• [Exercise brief] Repeat exactly what runs from the line with "FRITSJURGENS FJS/STM+40FSSS FULL" through the last line of the material, and keep the pictures out of it.
++++++
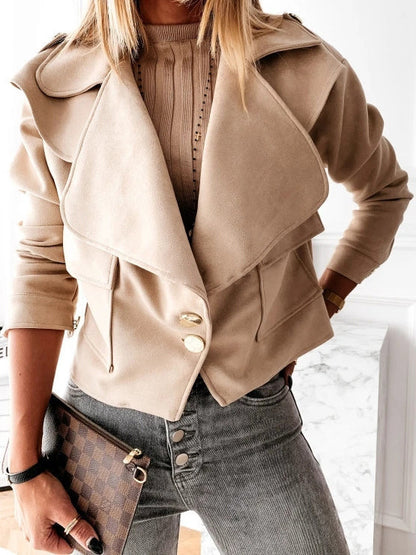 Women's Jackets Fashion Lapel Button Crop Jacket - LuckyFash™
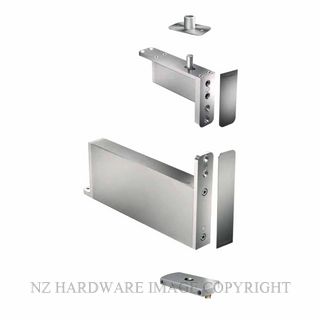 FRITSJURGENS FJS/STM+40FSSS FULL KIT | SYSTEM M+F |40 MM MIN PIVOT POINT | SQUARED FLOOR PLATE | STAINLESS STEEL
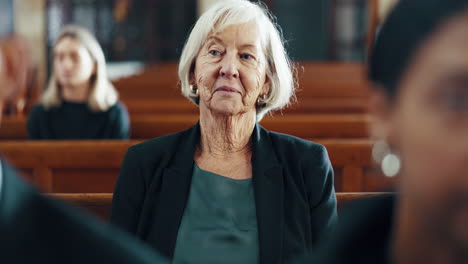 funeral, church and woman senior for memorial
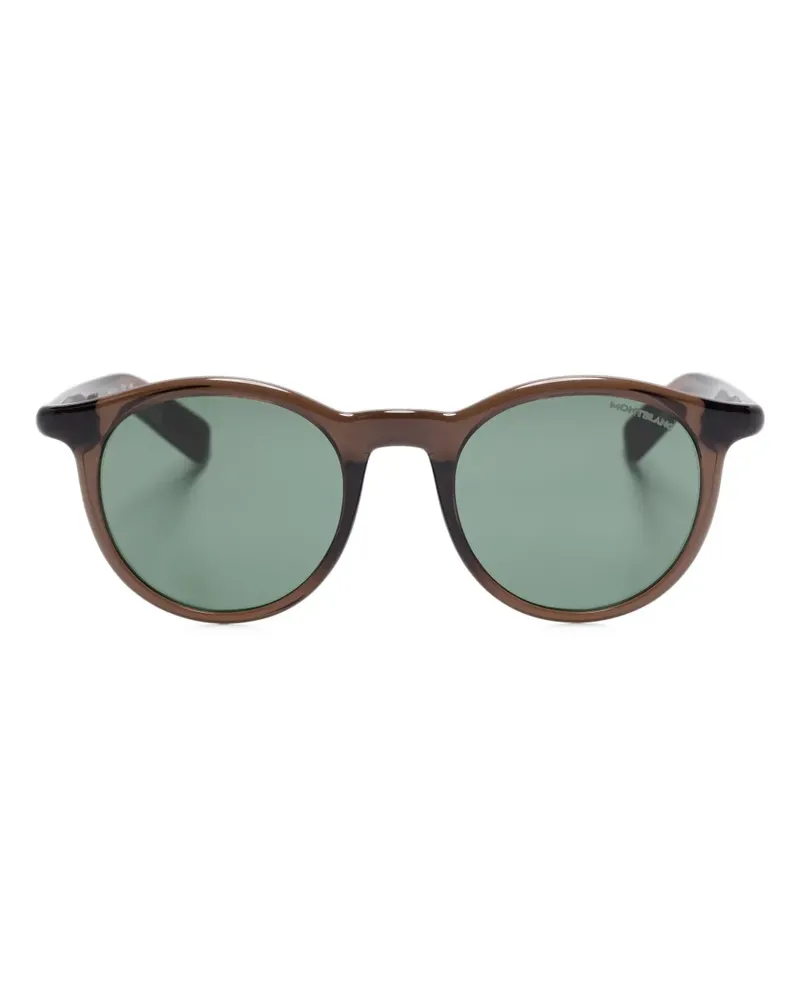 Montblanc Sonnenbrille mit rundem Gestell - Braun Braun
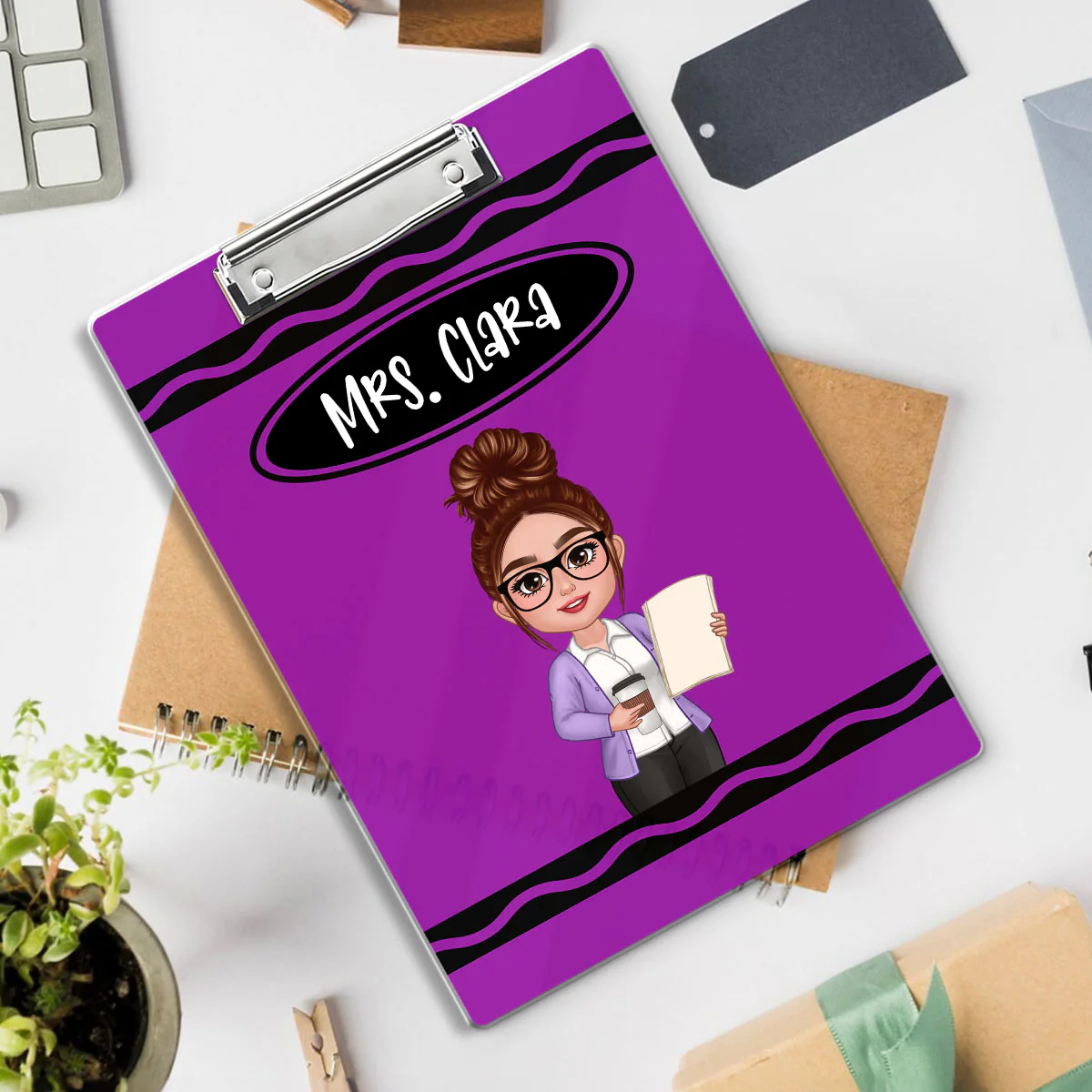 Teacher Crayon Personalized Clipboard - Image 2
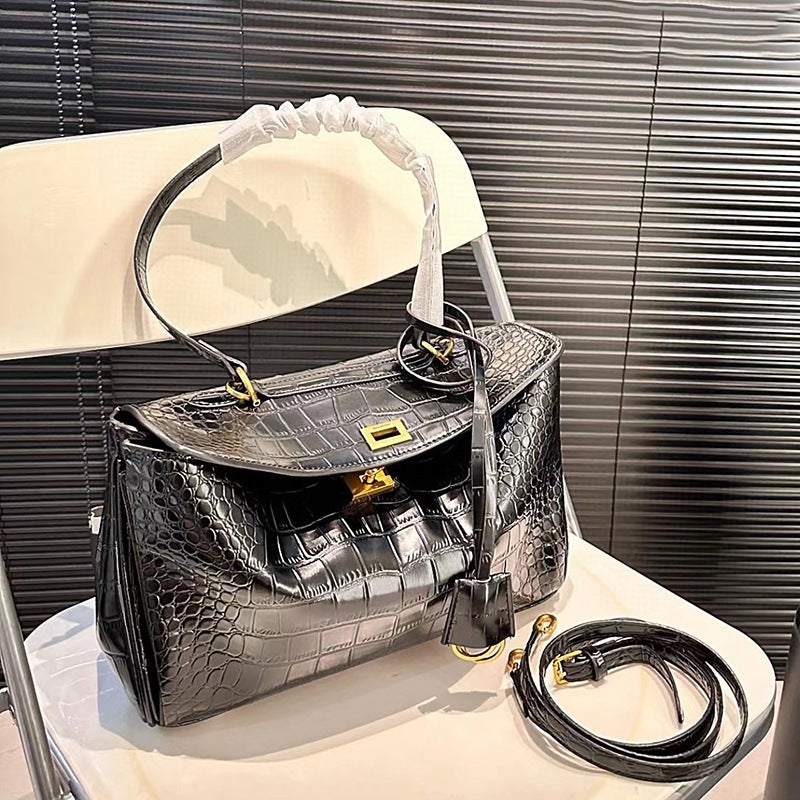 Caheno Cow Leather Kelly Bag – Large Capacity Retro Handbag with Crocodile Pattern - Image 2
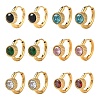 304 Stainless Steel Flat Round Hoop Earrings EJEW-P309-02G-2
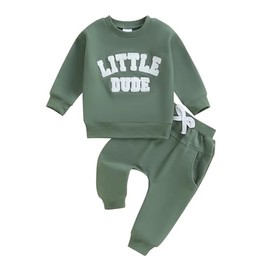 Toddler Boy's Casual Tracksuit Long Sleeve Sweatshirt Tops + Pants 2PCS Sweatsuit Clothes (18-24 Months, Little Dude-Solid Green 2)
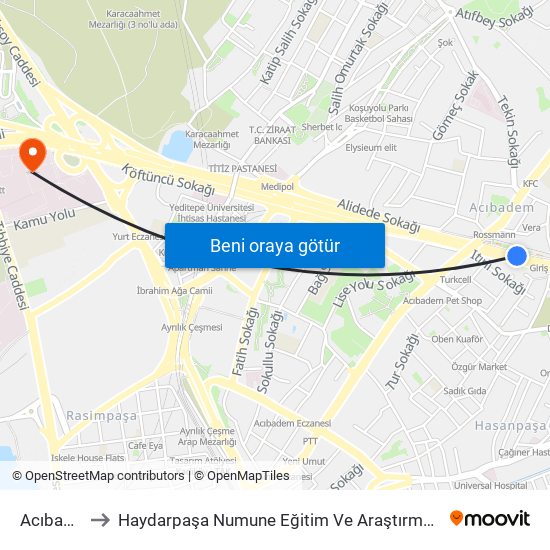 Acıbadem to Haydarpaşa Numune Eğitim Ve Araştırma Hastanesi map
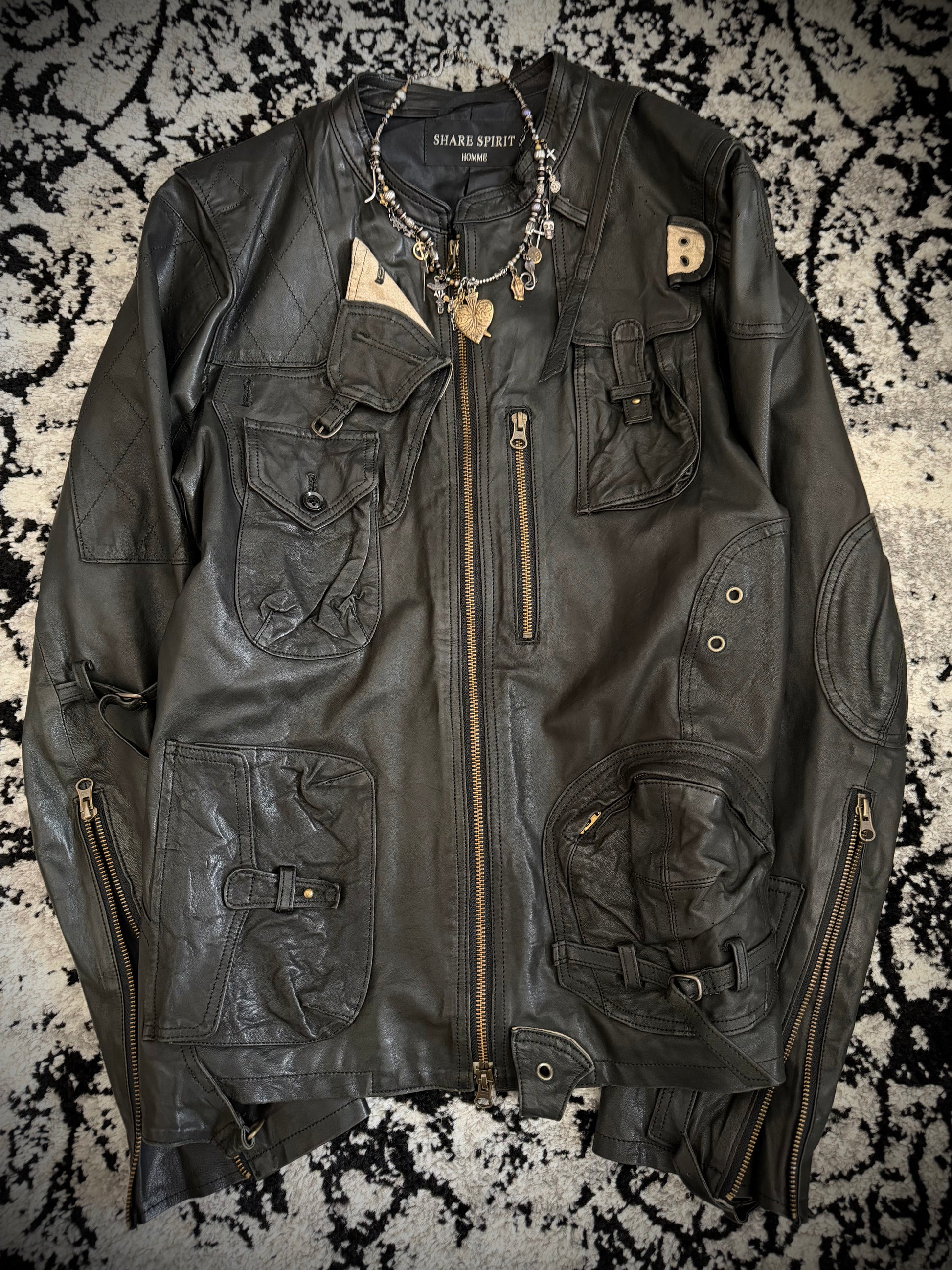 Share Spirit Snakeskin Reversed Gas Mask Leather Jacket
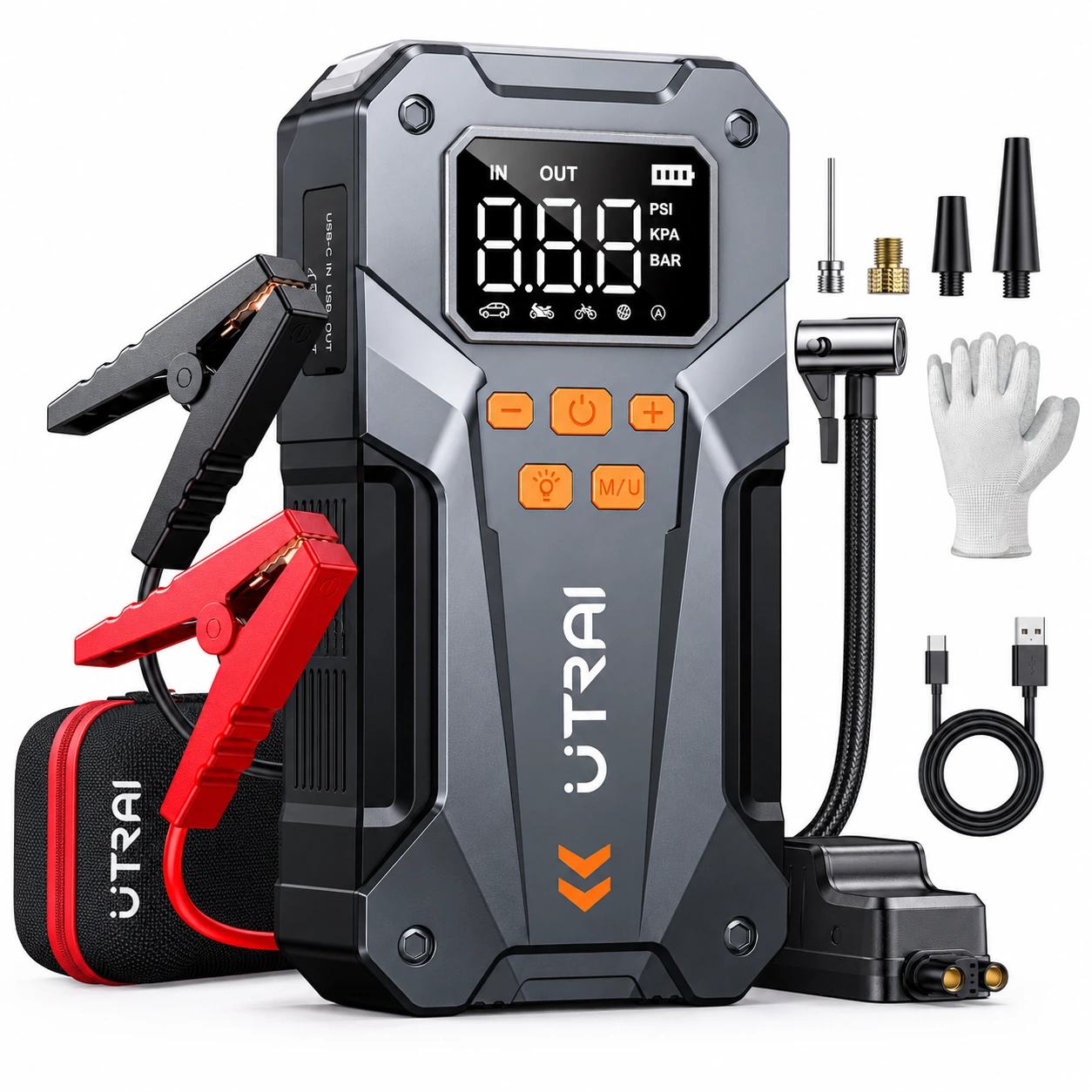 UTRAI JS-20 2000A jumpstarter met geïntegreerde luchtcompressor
++++++
• [Expected answer]
 FRITSJURGENS FJS/STM+40FSSS FULL KIT | SYSTEM M+F |40 MM MIN PIVOT POINT | SQUARED FLOOR PLATE | STAINLESS STEEL
 funeral, church and woman senior for memorial
 Montblanc Sonnenbrille mit rundem Gestell - Braun Braun
 Teacher Crayon Personalized Clipboard - Image 2
 Caheno Cow Leather Kelly Bag – Large Capacity Retro Handbag with Crocodile Pattern - Image 2
 304 Stainless Steel Flat Round Hoop Earrings EJEW-P309-02G-2
 Toddler Boy's Casual Tracksuit Long Sleeve Sweatshirt Tops + Pants 2PCS Sweatsuit Clothes (18-24 Months, Little Dude-Solid Green 2)
 Acıbadem to Haydarpaşa Numune Eğitim Ve Araştırma Hastanesi map
 Share Spirit Snakeskin Reversed Gas Mask Leather Jacket
 UTRAI JS-20 2000A jumpstarter met geïntegreerde luchtcompressor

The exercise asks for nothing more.